Although the second track roller rolling portions 15b and 16b are made slightly shorter in comparison to the lateral slip preventing portions 15a and 16a, these may instead be substantially the same in length as the lateral slip preventing portions 15a and 16a. Also, although the upper surfaces of the respective second track roller rolling portions 15b and 16b are preferably substantially the same in height as the first track roller rolling portions 21, these may instead be of height close to the upper surfaces of the first track roller rolling portions 21 by being made slightly higher or made slightly lower, etc., than the upper surfaces of the first track roller rolling portions 21 within a range of not influencing vibration of the track rollers 5.

The lateral slip preventing portions 15a and 16a are disposed in proximity to each other in the crawler width direction at the small interval C and the elastic material of the crawler main body 7 is interposed between the lateral slip preventing portions 15a and 16a.

Also, at the anti-tread side of the crawler main body 7, a covering layer 26 of predetermined thickness is formed along uneven shapes of the core metals 8 such that the engaging portions 12, the guide protrusions 13, the first track roller rolling portions 21, and the second track roller rolling portions 15b and 16b are embedded, etc., inside the elastic material of the crawler main body 7. Although the covering layer 26 is formed thinly along the uneven shapes of the core metals 8, the covering layer 26 may be omitted such that the uneven shapes of the core metals 8 are exposed.

To facilitate bending of the crawler main body 7, inner recesses 23, outer recesses 24, and connecting recesses 25 are formed at anti-tread side portions of the crawler main body 7 between adjacent core metals 8. The inner recesses 23 are disposed at inner side portions of the crawler main body 7 close to the engaging holes 10 and are formed between the engaging holes 10 and the lateral slip preventing protrusions 15 such as to avoid the guide protrusions 13. The outer recesses 24 are formed at portions of the crawler main body 7 further outward in the crawler width direction than the lateral slip preventing protrusions 16.

The connecting recesses 25 connect the inner recesses 23 and the outer recesses 24 and are formed to bent shapes between the first track roller rolling portions 21 and the second track roller rolling portions 15b and 16b of the lateral slip preventing protrusions 15 and 16. The connecting recesses 25 each have a first recess 25a formed in the crawler revolving direction between the second track roller rolling portions 15b and 16b of the lateral slip preventing protrusions 15 and 16 and second recesses 25b formed in continuation to both sides of the first recess 25a in the crawler width direction between the first track roller rolling portion 21 and the respective second track roller rolling portions 15b and 16b.

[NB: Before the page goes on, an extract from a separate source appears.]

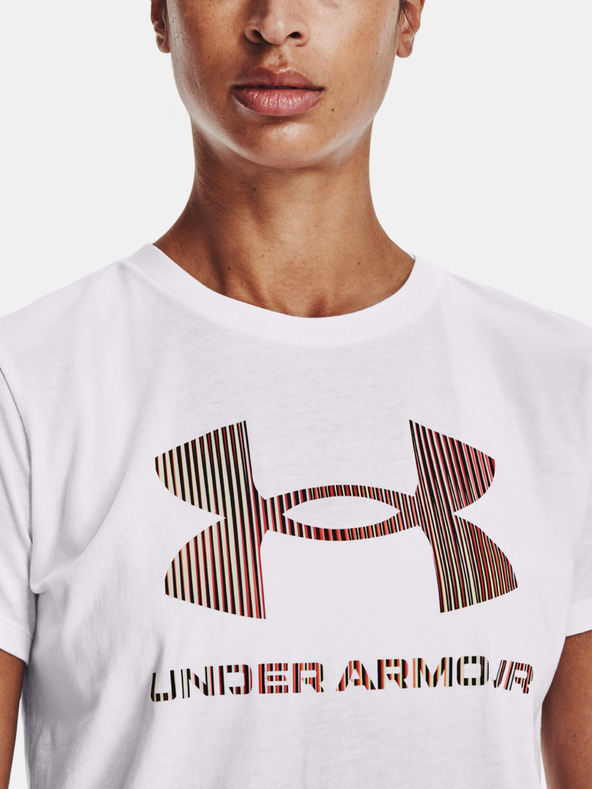 Under Armour Ženska majica Under Armour Live Sportstyle Graphic SSC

The track rollers 5 each integrally include small diameter roller portions 5a disposed at central sides in the crawler width direction and large diameter roller portions 5b disposed at outer sides of the respective small diameter roller portions 5a and the small diameter roller portions 5a and the large diameter roller portions 5b are arranged to roll in the crawler revolving direction respectively on the third track roller rolling portions 19 of the guide protrusions 13 and on the first track roller rolling portions 21 and the second track roller rolling portions 15b and 16b.

The elastic crawler 4 of the above arrangement has advantages such as the following. In a state of being wound across the driving wheel 2 and the driven wheel 3, the crawler main body 7 revolves in a forward or reverse direction by being driven by the driving wheel 2 while being guided by the track rollers 5.

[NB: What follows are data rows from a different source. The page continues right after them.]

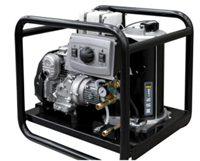 山东泽荣热水高压清洗机HERMIC 5HW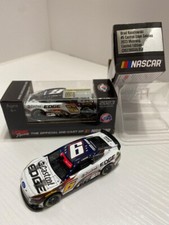 NASCAR 2023 BRAD KESELOWSKI 6 CASTROL EDGE SALUTES 1/64 FOIL NUMBER CAR
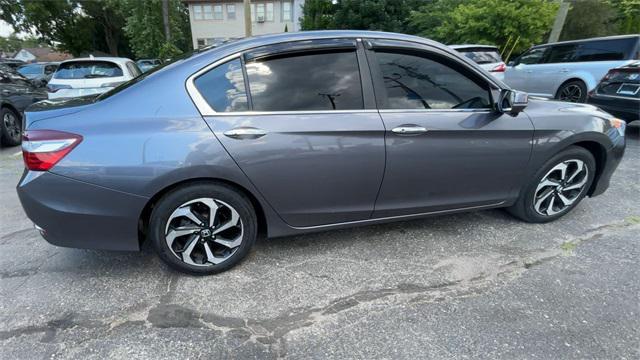 used 2016 Honda Accord car, priced at $17,500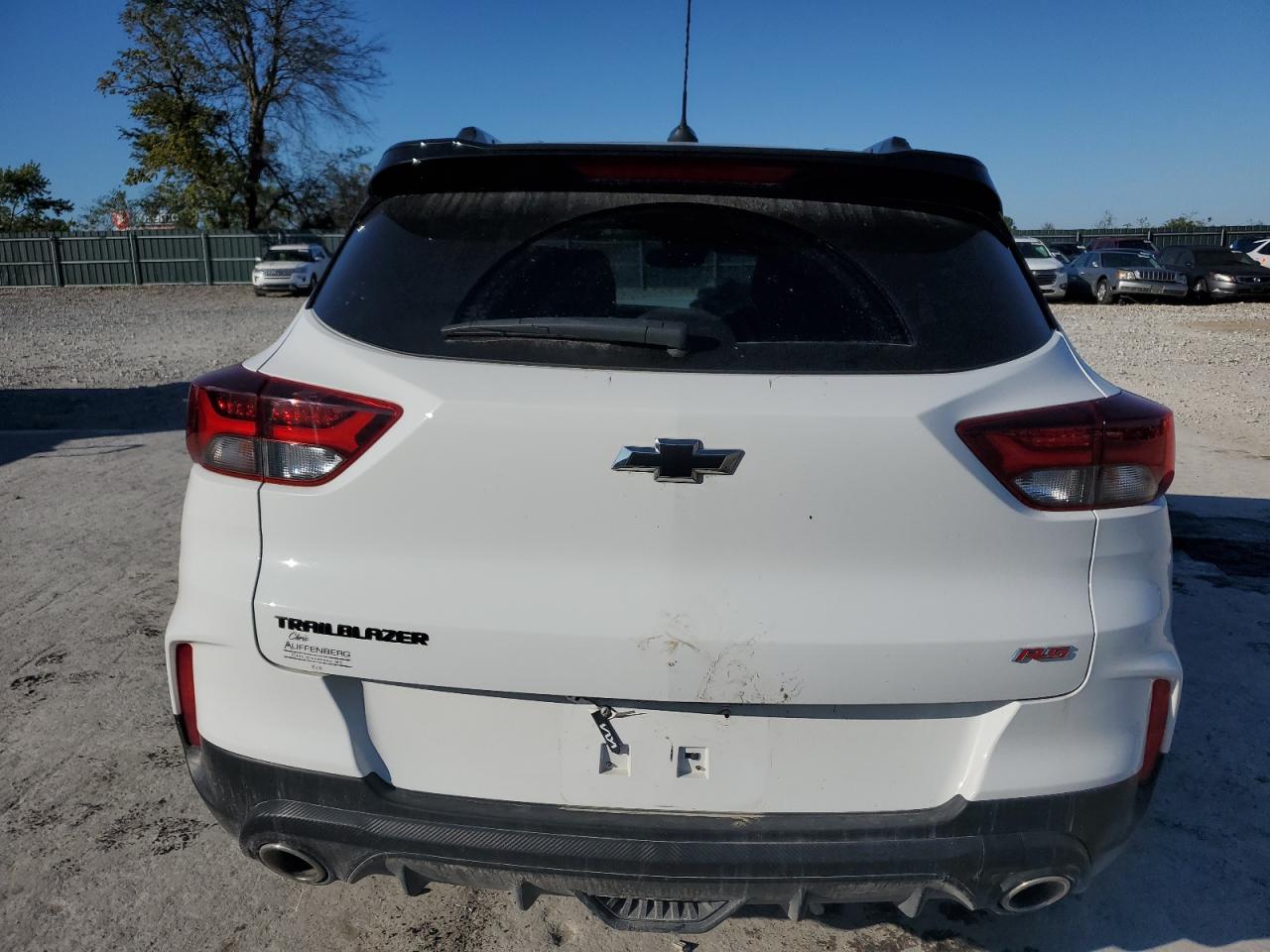 2023 CHEVROLET Trailblazer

Each track roller 5 is such that during revolving of the crawler main body 7, the small diameter roller portions 5a thereof roll in the crawler revolving direction on the track roller rolling paths 20 formed by the third track roller rolling portions 19 and the large diameter roller portions 5b roll in the crawler revolving direction on the track roller rolling paths 22 formed by the first track roller rolling portions 21 and the second track roller rolling portions 15b and 16b, and the crawler main body 7 can thus be guided by the track roller 5 at four locations in crawler width direction. Moreover, the track roller rolling paths 20 and 22 at the four locations are continuous in the crawler revolving direction at substantially the same height and without being interrupted mutually between adjacent core metals 8 and therefore vertical vibration of the track rollers 5 during rolling can be lessened.

That is, since the guide protrusions 13 of the respective core metals 8 are of the same height and the third track roller rolling portions 19 on the guide protrusions 13 are such that both end sides of the third track roller rolling portions 19 overlap mutually between adjacent core metals 8 in the crawler revolving direction by the overlap amount A inside view, the small diameter roller portions 5a can roll stably without vibrating vertically on the two track roller rolling paths 20 formed at inner sides in the crawler width direction by the third track roller rolling portions 19.

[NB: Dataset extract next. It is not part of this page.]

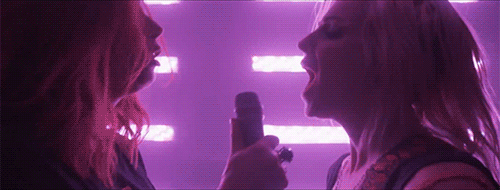 no4hx:  brody dalle shirley manson - meet the feotus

Also, since the first track roller rolling portions 21 and the second track roller rolling portions 15b and 16b of the core metals 8 are of substantially the same height and moreover, the second track roller rolling portions 15b and 16b of the respective core metals 8 overlap in the crawler revolving direction by the overlap amount F in side view, the large diameter roller portions 5b can roll stably without vibrating vertically on the two track roller rolling paths 22 formed at outer sides in the crawler width direction by the first track roller rolling portions 21 and the second track roller rolling portions 15b and 16b of the respective core metals 8.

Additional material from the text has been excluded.